Public Relations Writing: Lesson #4 - p. 3

Product releases (continued)

Whatever your USP, your job as a PR writer will be to set the stage for the product – in effect, to create the context for the features your product promises... If your product is the answer, what's the question?? – that's what you'll be putting in place.

    For example, let's say your product is something like the one described below. Here's a lead you would not want to go with:

      Natgo, Inc., has developed a conversion kit, selling for only $150, that will enable cars to operate on natural gas instead of gasoline – at a savings of about $50 every 1,000 miles.

    Now that happens to be a great lead graf for a news story – it's the graf you would hope a reporter would write once your press release has done its job – but if you wrote it that way, the editor might throw it out before a reporter even gets a chance at it, because it's so obviously a promotional piece about a company, Natgo.

    Instead, here is how a product release might finesse the editor:

      Would you be willing to pay $150 for a conversion kit that would let your car use cheaper, cleaner natural gas – and give you savings of $50 every 1,000 miles? A new product on the market promises to do just that, and its manufacturer is betting that there are millions ready to make the switch.

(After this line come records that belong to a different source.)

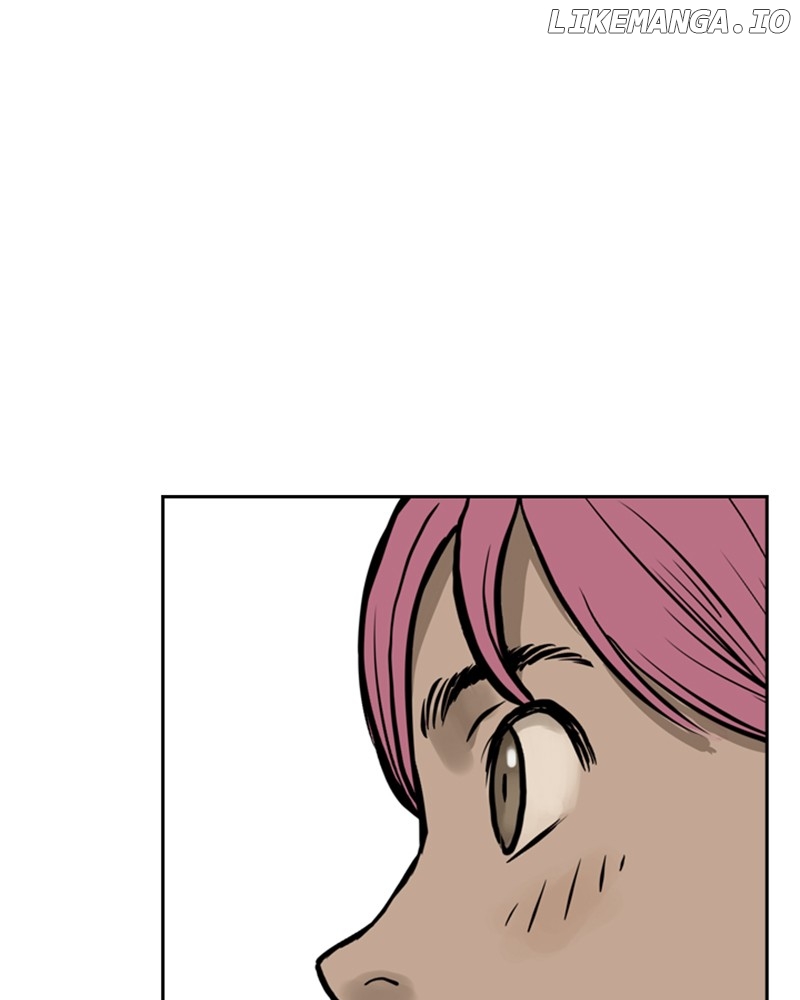 Mage Again Chapter 103 - page 88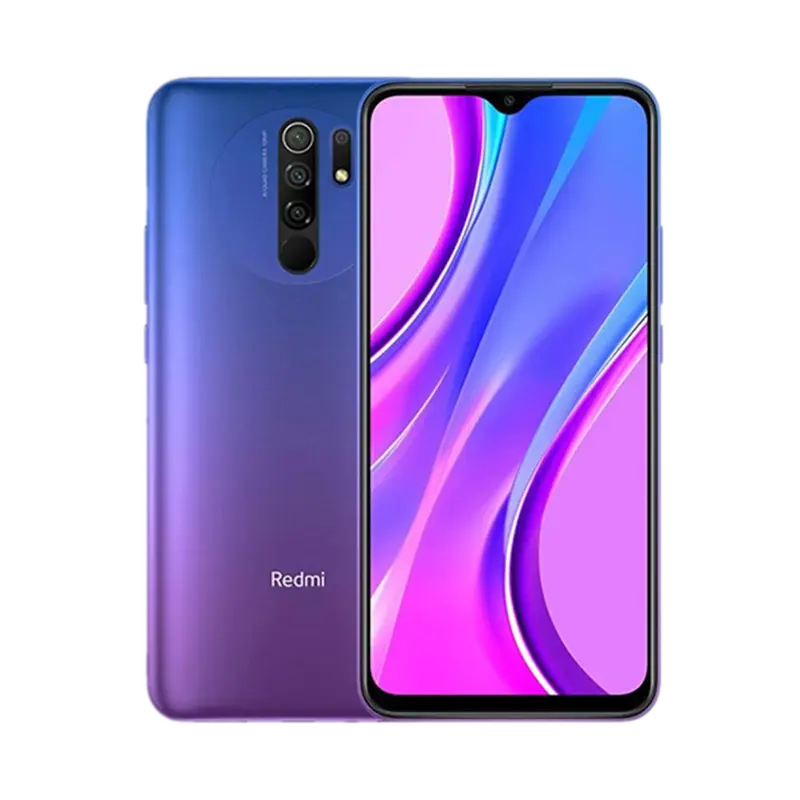 Redmi-9-(3).jpg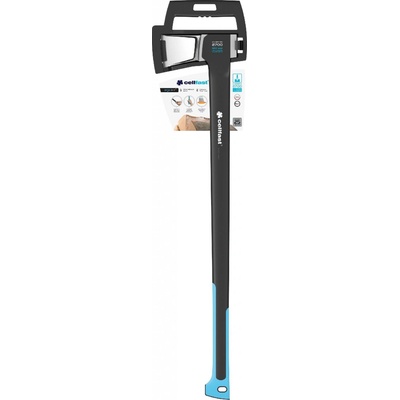 CELLFAST ERGO C2700, 930mm FIBERGLASS 745023/41-008
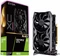 EVGA GeForce GTX 1650 XC Ultra Black Gaming, 4GB GDDR5, HDMI, 2x DP Vorschaubild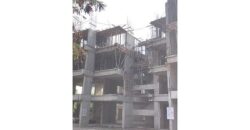 2 BHK Flat For sale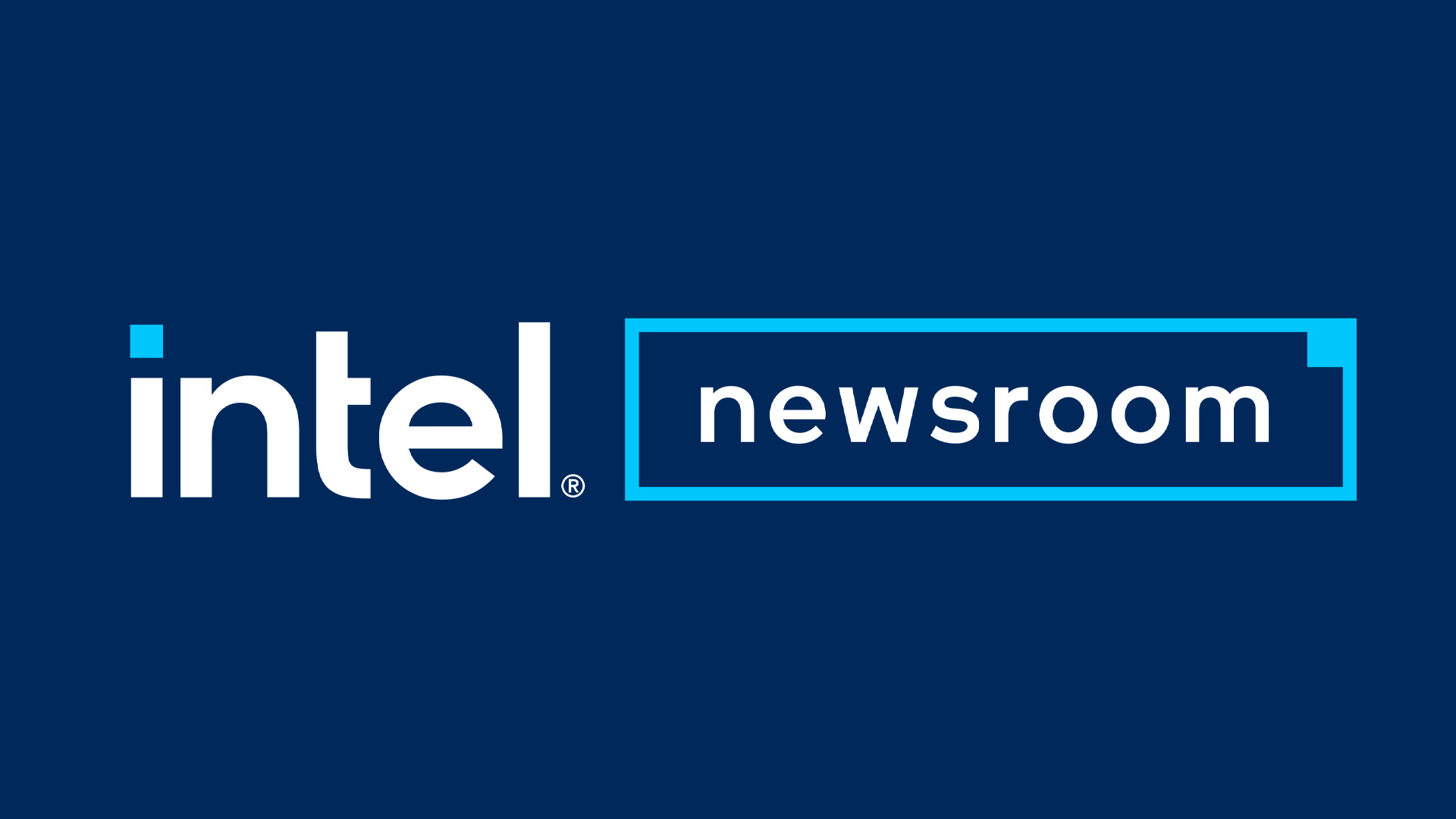 www.intel.com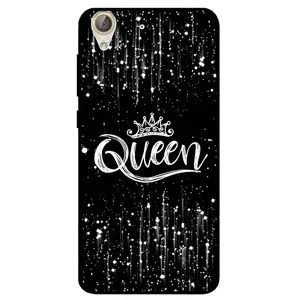 Megafone Queen 1893 Cover For Honor 5A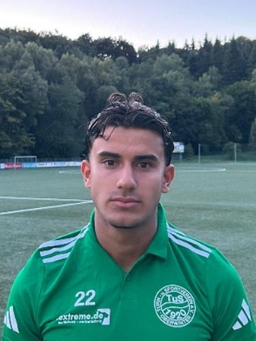 Avatar Bild für Jonas Hbib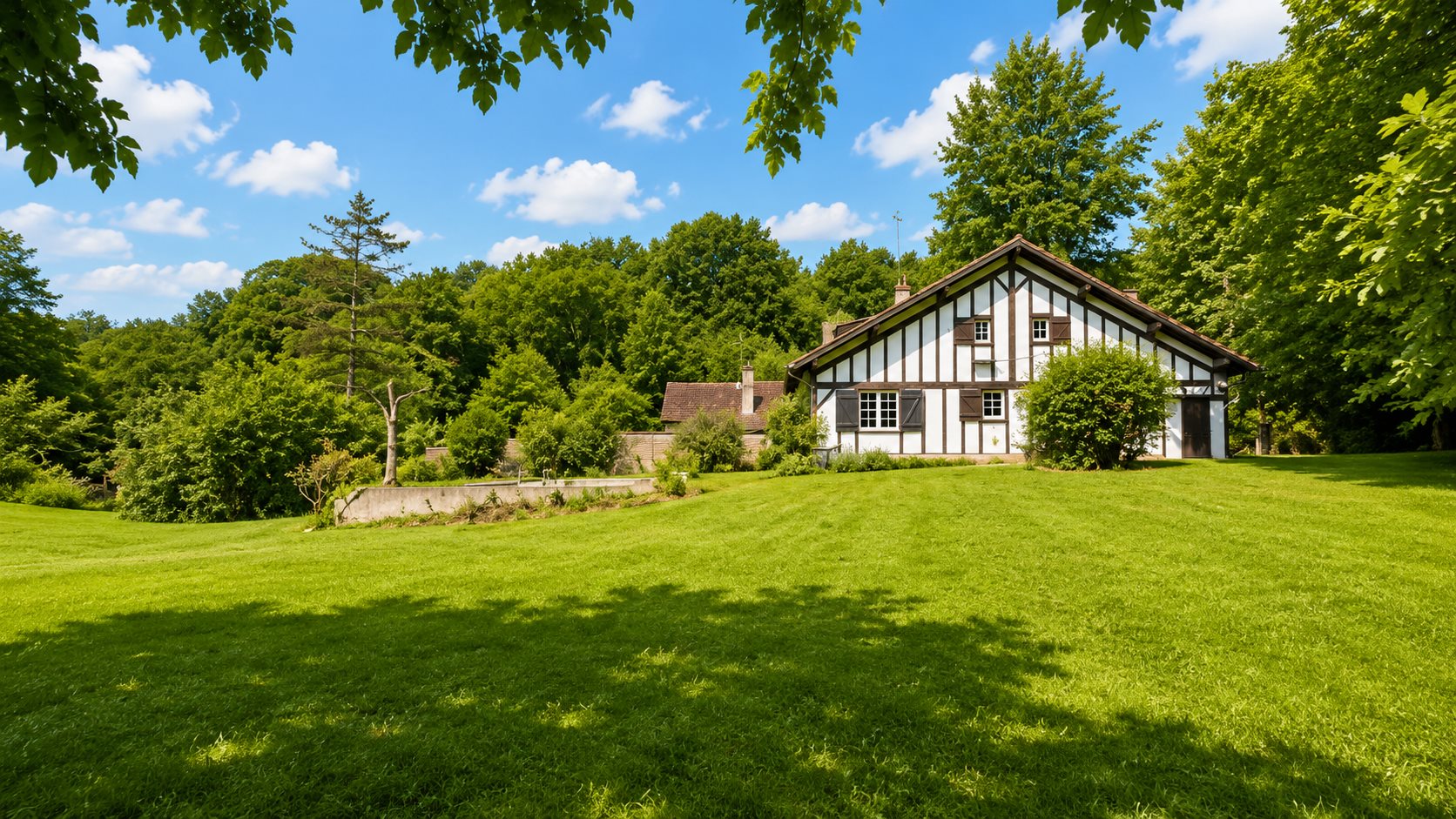 Maison à vendre, 207m², Saubion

    As you will learn in a later lesson, there are different kinds of lead that work better for certain kinds of press release, including feature releases and product releases. The second graf of this release might continue to describe the need or desire for a product like this one, or its advantages (for example, environmental implications) and still not mention the company itself. The more you can paint a newsworthy picture without mentioning your client, the more likely you are to win the editor over to your story. Don't worry, the manufacturer – your client – will be included – but as news and not as a product plug.

    It is conceivable that a product release won't even mention your client's name – not likely, but it happens. For example, if your client manufactures printer ink cartridge refills, you might do a release about a new generation of printers, and talk all about Epson and Hewlett-Packard, without ever mentioning Hubert's Ink, your client. Or a dairy association might promote recipes using dairy products without identifying itself in the release. We're not talking about deception here – after all, the letterhead of the press release makes it clear where the story originates – but the content of the story might well omit mention of the client.